Em depoimento ao projeto Memória Globo, o jornalista Luiz Nascimento, que integrou a equipe, contou que a maior dificuldade em todo o processo era se fazer entender pelos russos. Muitas vezes, a comunicação era feita por mímica.
Outro problema era sentido na pele pelas equipes de gravação. Os profissionais simplesmente não podiam circular livremente por Moscou. Sempre estavam acompanhados por um intérprete, que se suspeitava ser um agente da KGB (polícia secreta soviética).
Os repórteres Marcelo Matte e Daniel Andrade quase causaram um incidente diplomático. Eles conseguiram burlar o controle e foram gravar uma reportagem mostrando como vivia uma autêntica família soviética. O material nunca foi ao ar, e a equipe quase foi mandada de volta para o Brasil.
Inovações e mais problemas
Em Moscou, a Globo teve, pela primeira vez, uma redação e uma sala de controle, de onde eram recebidos e enviados os sinais de transmissão ao vivo e materiais para os telejornais. As imagens ainda eram gravadas em filmes, mas convertidas em videotape antes da geração para o Brasil. Também de forma inédita, uma equipe foi enviada exclusivamente para fazer reportagens para o Jornal Nacional.
Muitos jogos foram mostrados ao vivo, especialmente partidas dos brasileiros no basquete, vôlei e futebol. Vários jogos, no entanto, tiveram a transmissão anunciada, mas, devido a problemas da transmissão soviética, foram mostrados somente horas depois _ou até no dia seguinte.
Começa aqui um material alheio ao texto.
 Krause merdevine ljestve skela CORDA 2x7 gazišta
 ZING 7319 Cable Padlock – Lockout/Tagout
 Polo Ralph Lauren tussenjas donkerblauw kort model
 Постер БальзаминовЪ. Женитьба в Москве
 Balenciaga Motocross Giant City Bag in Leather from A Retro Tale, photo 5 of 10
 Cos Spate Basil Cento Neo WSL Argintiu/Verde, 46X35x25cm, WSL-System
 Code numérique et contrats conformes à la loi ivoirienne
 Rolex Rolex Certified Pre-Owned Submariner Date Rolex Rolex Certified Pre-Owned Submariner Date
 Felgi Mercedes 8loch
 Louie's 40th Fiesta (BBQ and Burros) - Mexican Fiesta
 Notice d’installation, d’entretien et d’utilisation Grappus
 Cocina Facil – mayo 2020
A Folha de S. Paulo de 25 de julho de 1980 explicava: "Um novo boicote ameaça a Olimpíada de Moscou. Desta vez, não se trata de nenhum aliado incondicional dos Estados Unidos, mas de um legítimo soviético: o transmissor da Arena Menor, onde se realizam as competições de vôlei e basquete. Há dois dias o aparelho está pifado, impedindo a conversão do sinal da TV soviética para o sistema PAL-M, usado no Brasil. Por essa razão, as transmissões anunciadas como 'ao vivo' surpreendem quem liga a TV e assiste às disputas do dia anterior. Ontem, por exemplo, a Cultura e a Globo receberam apenas o áudio do jogo entre o Brasil e a Romênia, no vôlei masculino, enquanto a TV soviética se esforçava para enviar as imagens através da conexão da Alemanha Federal com o satélite, sem sucesso".
As transmissões das emissoras de rádio acabaram salvando quem queria acompanhar as partidas no momento em que aconteciam.
Além de Munique (1972), Montreal (1976) e Moscou (1980), a Globo transmitiu todos os Jogos Olímpicos até 2008, em Pequim, na China. Ficou fora de Londres, em 2012, quando a Record conquistou os direitos exclusivos para a televisão aberta. Nos Jogos deste ano, que começam na próxima sexta, no Rio de Janeiro, a Globo preparou uma das maiores coberturas da história das olimpíadas.